I have been trying to force myself to be in a decent mood but I am failing. I can’t lobotomize myself with positive thinking. I think I have to properly grieve the loss of my old structures. That sounds dramatic, I am only referring to my living situation. I am so displaced in this house it hurts. My stuff is in a storage locker and with Matt home, I have nowhere to be. There are two spaces for their family now and they take it all up. I never even know which couch I’ll be sleeping on. I’m a guy who needs structure. I’m living out of three suitcases and even those keep getting moved around on me because that is too much in the way for them. I want to be grateful, I suppose I will have to process the loss of my old way of life first. It’s just a struggle to cope with being constantly surrounded 100% of the time. We had separate spaces just a couple of weeks ago.
It’s like nobody rests in this house. I don’t get to rest in this house. I can’t get any sleep between Matt being loud into ungodly hours of the night and their kids waking up shortly after that. If I even come close to being alone in a room and come close to being able to nap they will flood into that time & space and be as loud as possible. It’s been thirteen days of this. My mind is trying to spin a story that they’ve all conspired to make me as miserable as possible. I know that they didn’t, I’m just so tired it hurts. Literally, I’m tired from dawn to dusk. I’m permanently irritable. It’s a huge struggle to sleep in this house. It’s a huge struggle to cook in this house. It’s a huge struggle to have even a moment to myself in this house. It’s a small one-bathroom house. We’re forbidden from visiting other households right now so we’re all just trapped here. I’m sure they’re feeling it too. My sister and her husband keep getting short with each other.

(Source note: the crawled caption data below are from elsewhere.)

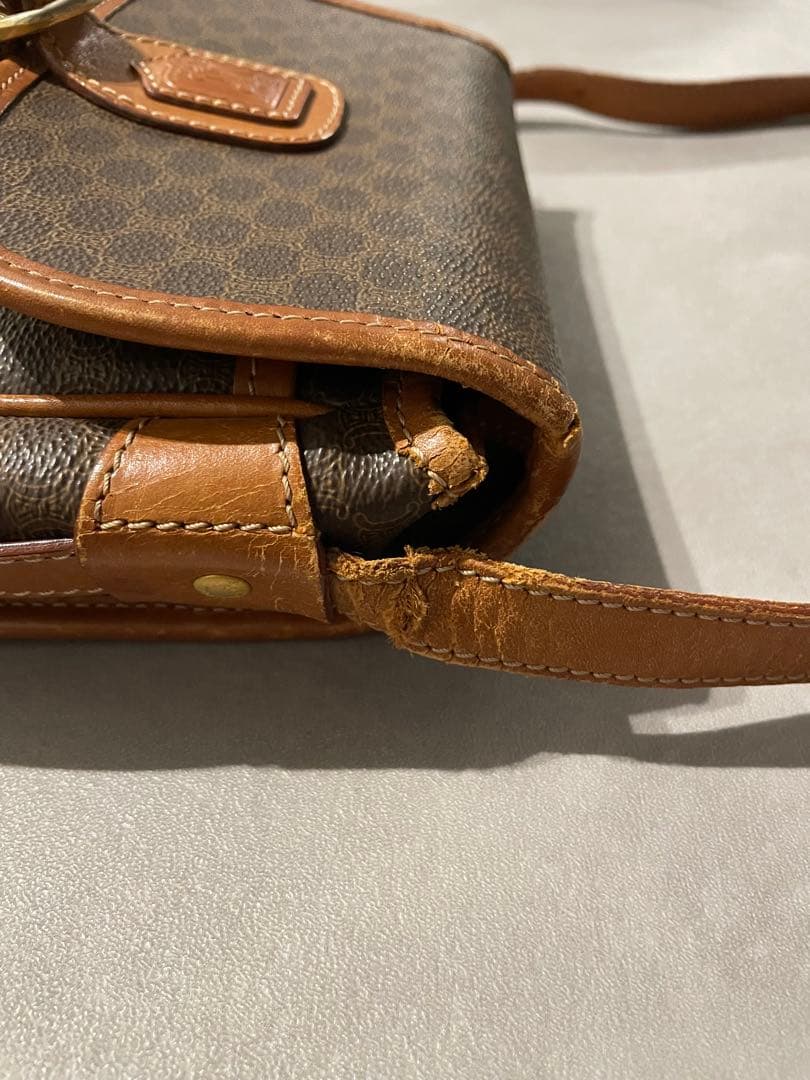 c*9様 CELINE マカダム トリオンフ ブラウンレザー ショルダーバッグ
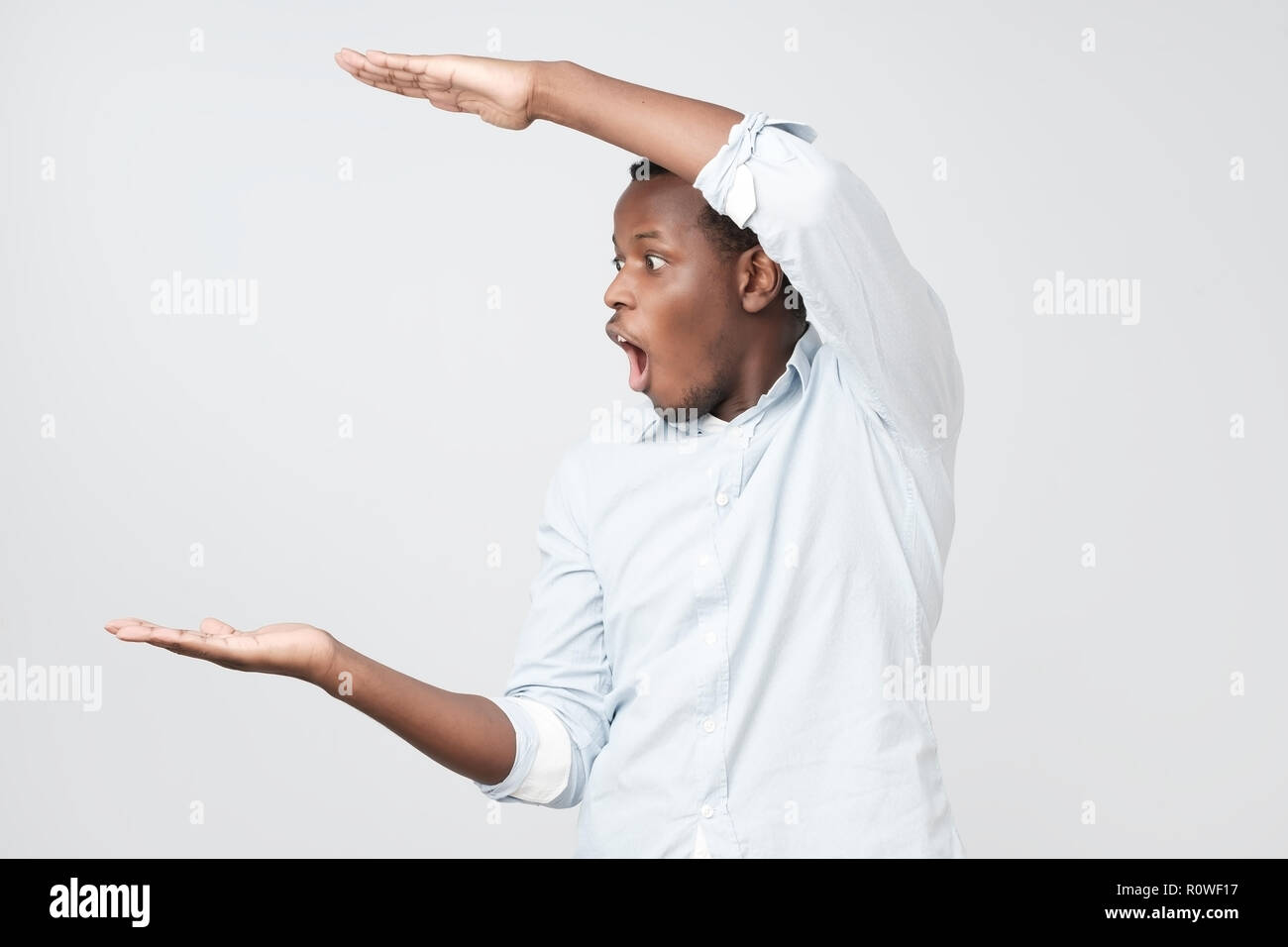 жесты руками. много жестом. жест много. довольный клиент. про жесты.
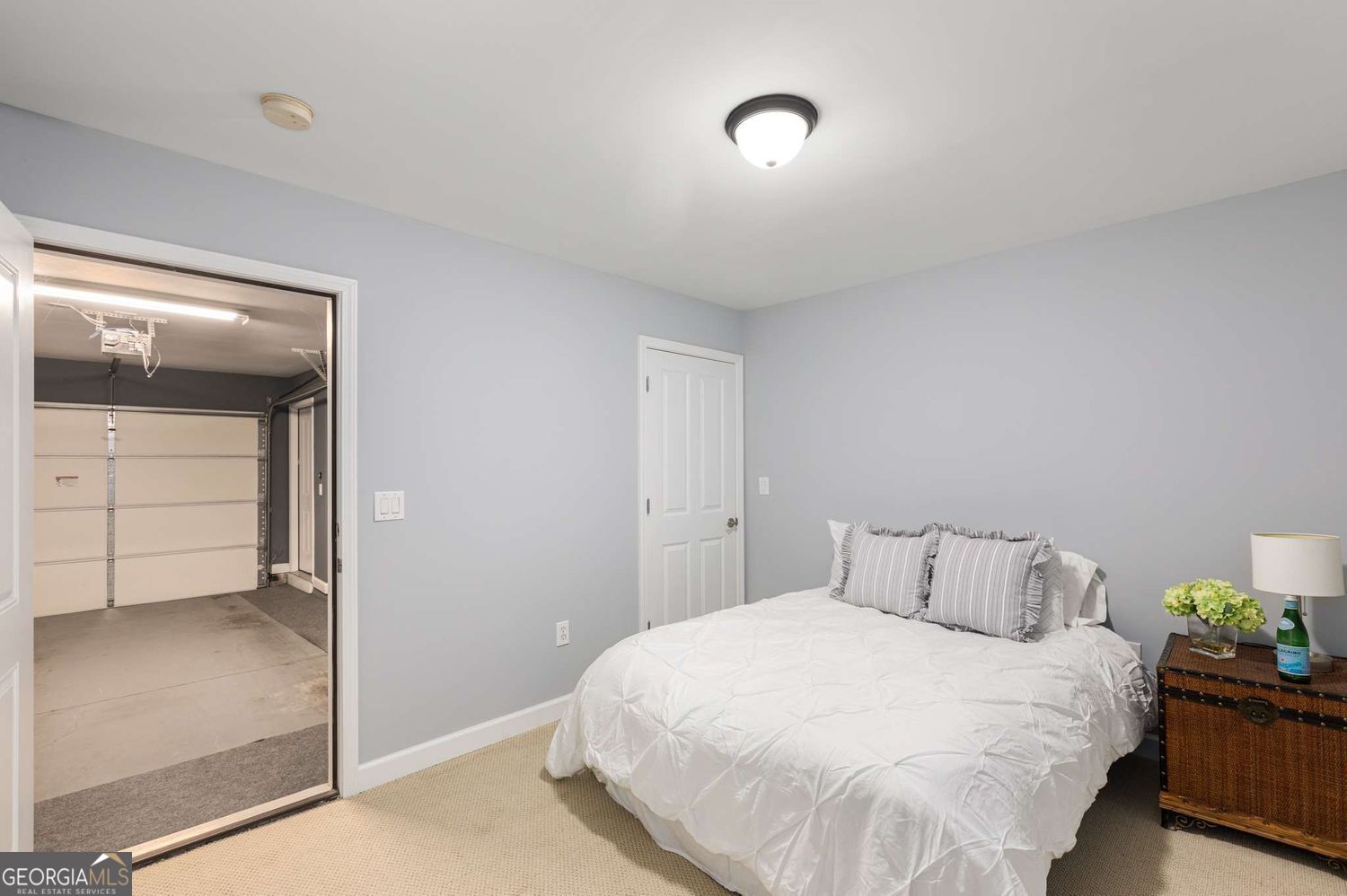 Atlanta, Georgia 30319, United States, 1 Bedroom Bedrooms, ,2 BathroomsBathrooms,Residential,Active,160681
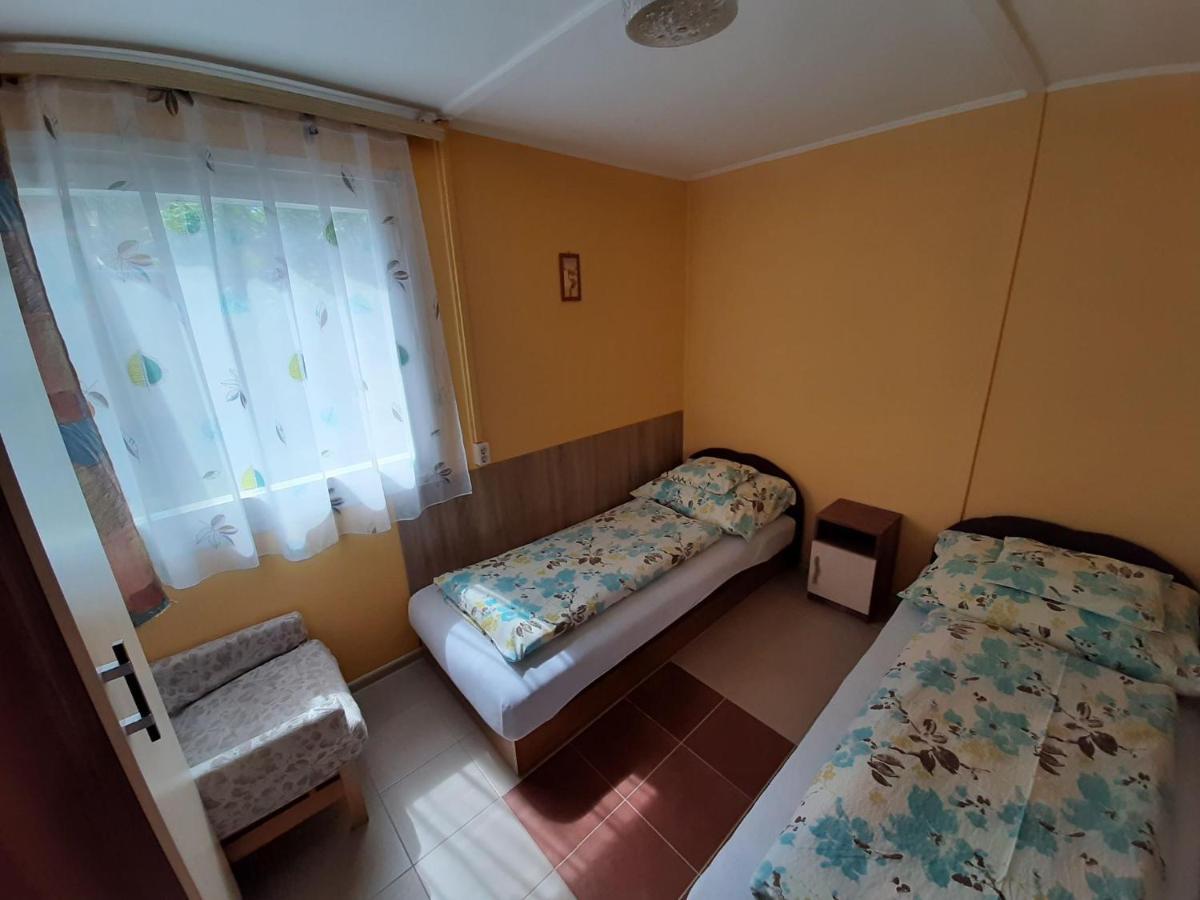Fortuna Apartmanhazak Богач Экстерьер фото
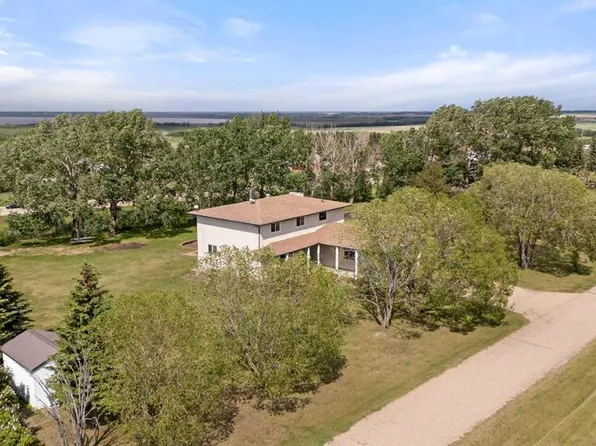 107 S Martin Ave, Bittern Lake, AB T0C 0L0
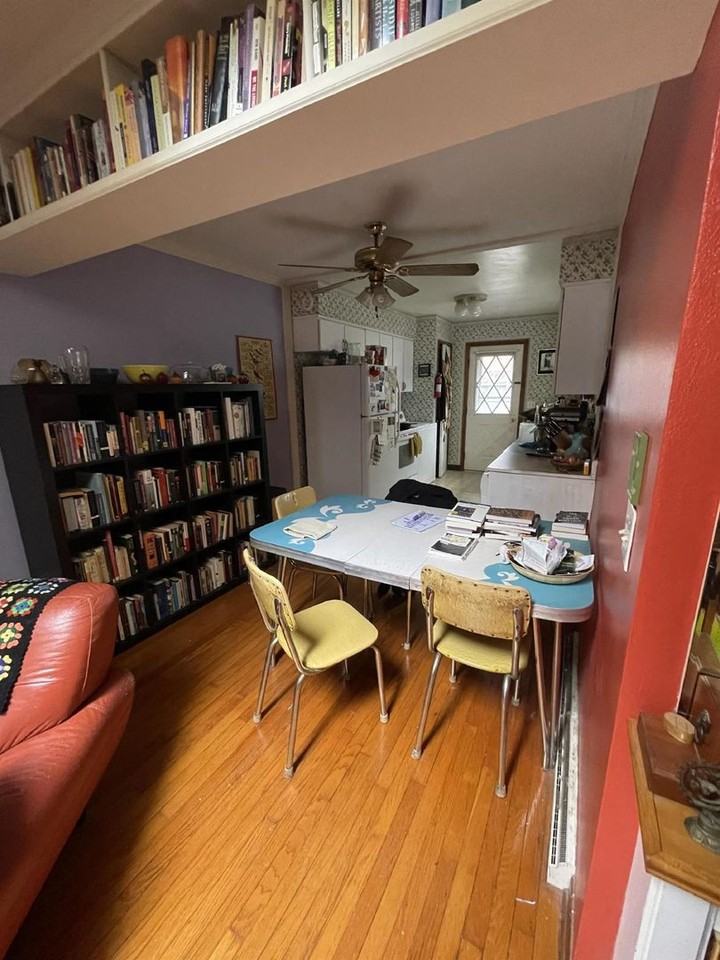 1904 E Maxwell Ln - Photo 4 of 17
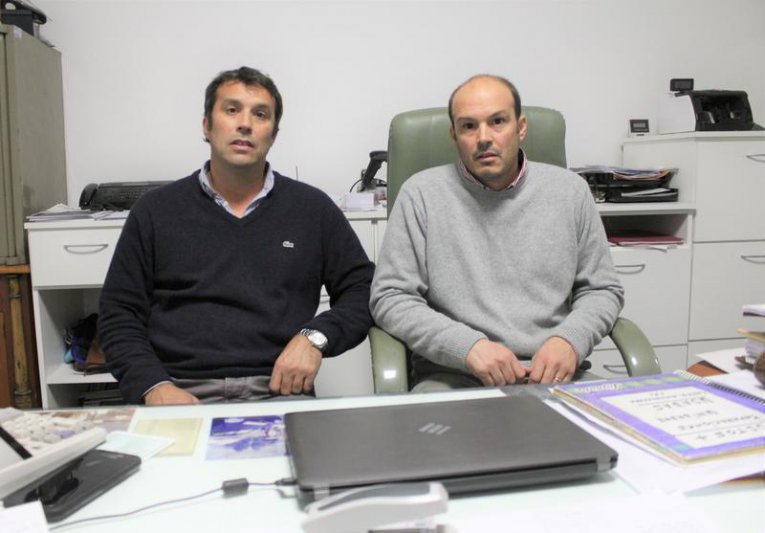 Sello oficial de  la firma Renault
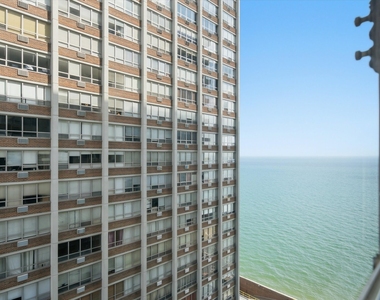 6157 N Sheridan Road - Photo Thumbnail 19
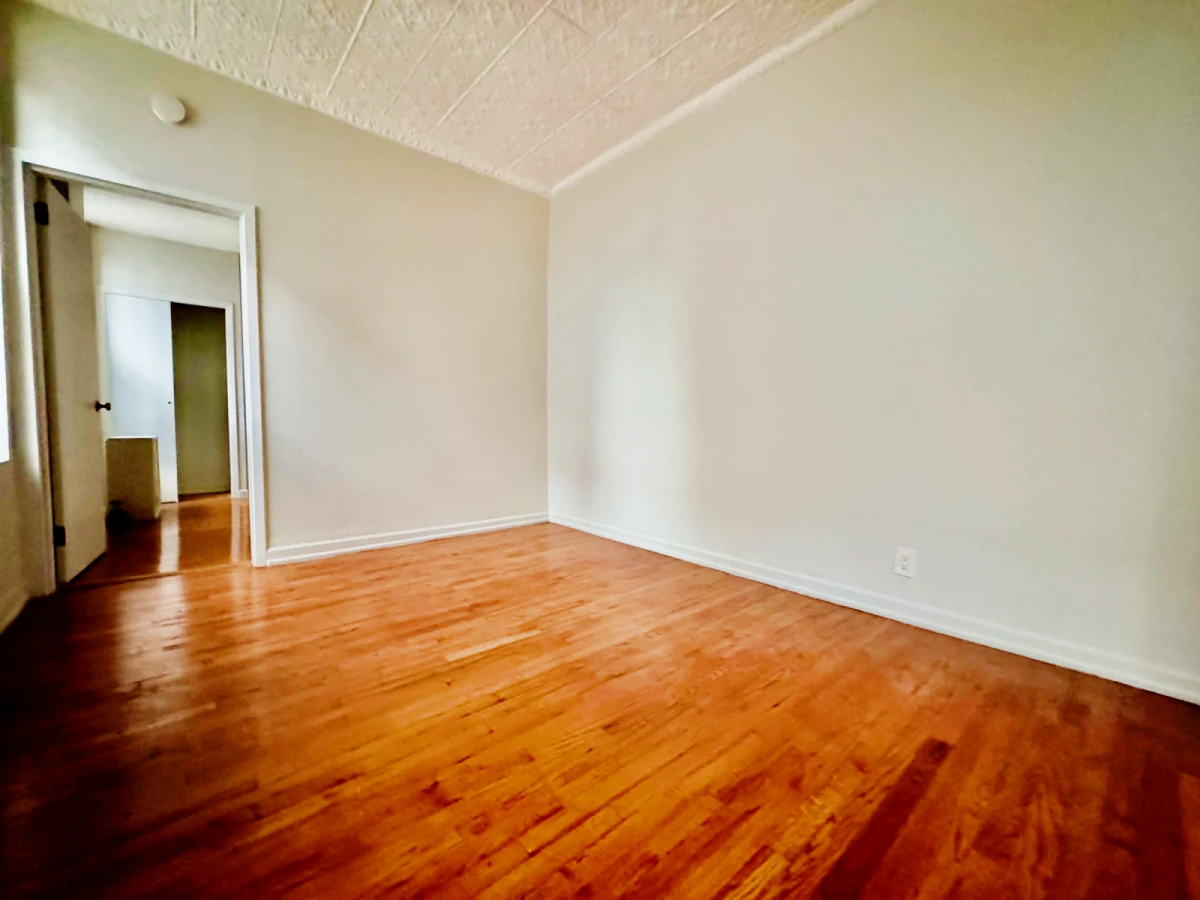 2476 Arthur Avenue 0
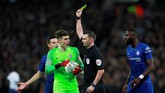 Kiper Kepa Arrizabalaga yang dianggap jelas melakukan pelanggaran kepada Harry Kane diberikan kartu kuningh oleh wasit Michael Oliver. (Action Images via Reuters/Andrew Couldridge)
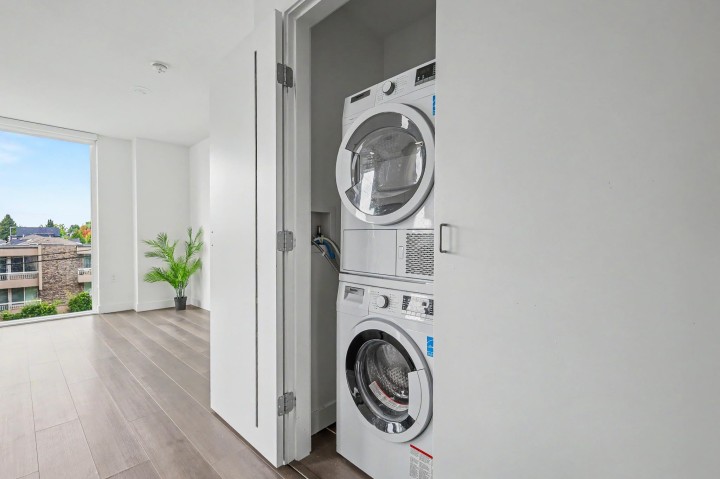 Photo 14 at 210 - 8138 Fraser Street, South Vancouver, Vancouver East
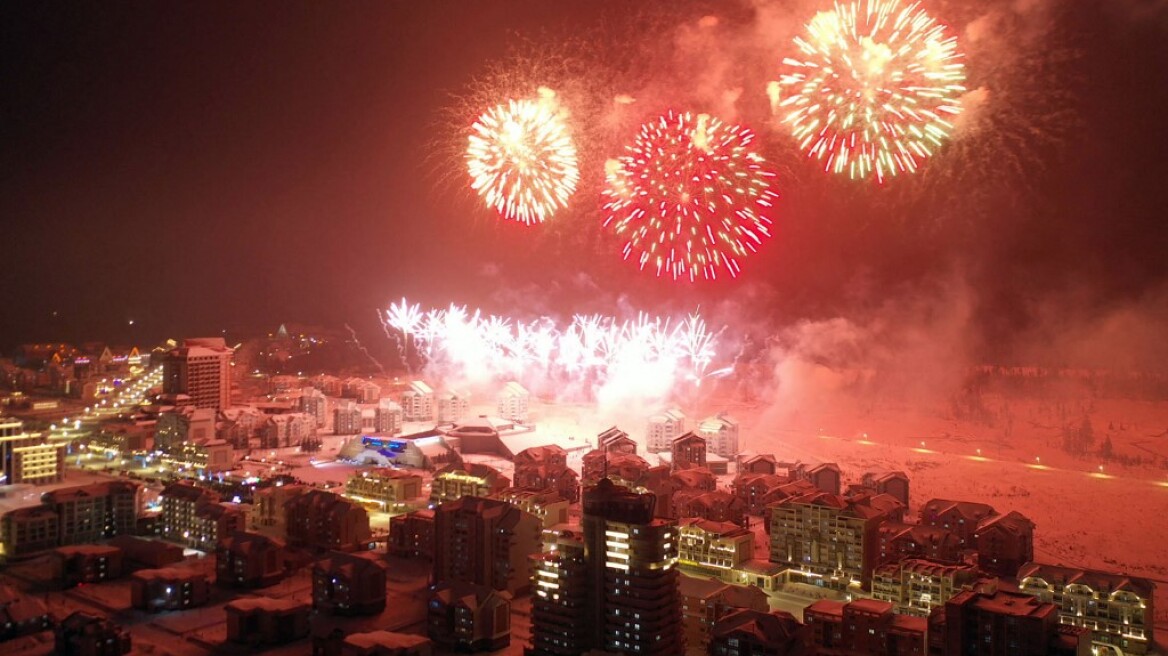 Ο Κιμ Γιονγκ Ουν τίμησε την επέτειο της γέννησης του πατέρα του με πυροτεχνήματα και μουσική αντί για στρατιωτική παρέλαση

Last year I broke out into shingles. That was a result of becoming too emotionally stressed. Thanks Karamjeet you big bloated bitch from hell. If I let stress get this heavy and go on too long it will happen again. I can feel the phantom pains already. I would exercise to help manage my mood but there is no space for that. There is no time for that. It was better the old way for everyone. Except their kid, maybe. I feel selfish and ungrateful. I feel selfish because I want Matt to go back to work because that will “fix” almost everything for me. In this house I mean. He works out of town for 3 weeks at a time. He’s been home for two weeks which is unnatural and he doesn’t know when he returns because of this code red. You can’t carpool. I feel ungrateful because I was almost homeless just a few weeks ago. That shell shock is wearing off and now I need to process those dense energies.
I am so radically distracted, I can’t focus to get anything done. I feel overwhelmed by the simplest of tasks. Keeping myself distracted is me coping. There is nowhere to go and nowhere to be and nothing to do but scream at the World Wide Web during these lockdowns. The news is fake wake up! We are demoralized beyond repair if you’re waiting for the news to confirm a fact. What I need to do is somehow get some structure in this chaos. I honestly feel like I could just snap… but I won’t. Things could be worse. This is only temporary. If it wasn’t for this free trial of communist law, they would at least go to Anola once or twice a week. This isn’t forever Tom you big bloated bitch from CHAZ. Ok, I’ll try and be grateful today. Everyone here has their health and there is luck, love and lollipops… fuck this casedemic and the code red bone dry. Yeah, it’s easier to be mad at the world lol.